- Your assignment
An exact restatement of all the data is required, with the pictures left out.
*** Opening Provided material ***
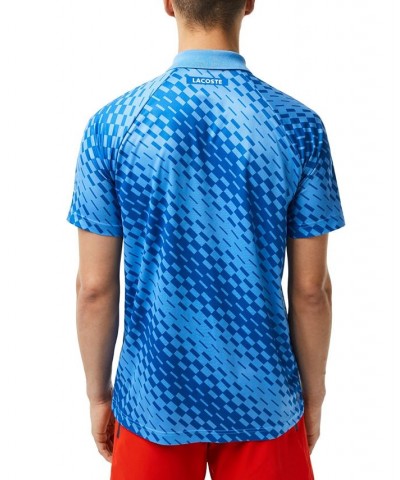 x Novak Djokovic Men's Geometric Print Tennis Polo Blue $57.20 Polo Shirts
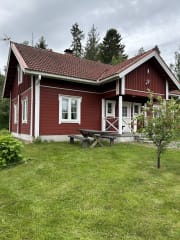 Cherry wood is front of holiday house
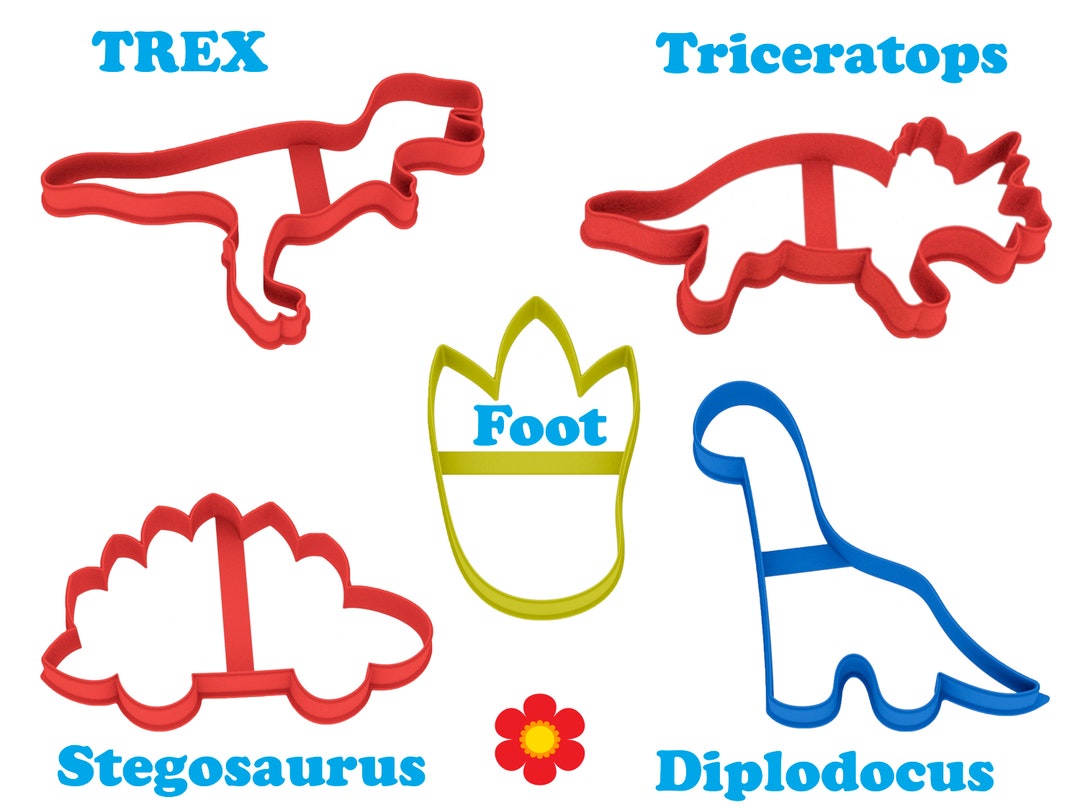 4 Dinosaurs Cookie Cutters Set Dinosaur Fondant Cutter Dinosaurs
*** Closing Provided material ***
- Written solution
 x Novak Djokovic Men's Geometric Print Tennis Polo Blue $57.20 Polo Shirts
 Cherry wood is front of holiday house
 4 Dinosaurs Cookie Cutters Set Dinosaur Fondant Cutter Dinosaurs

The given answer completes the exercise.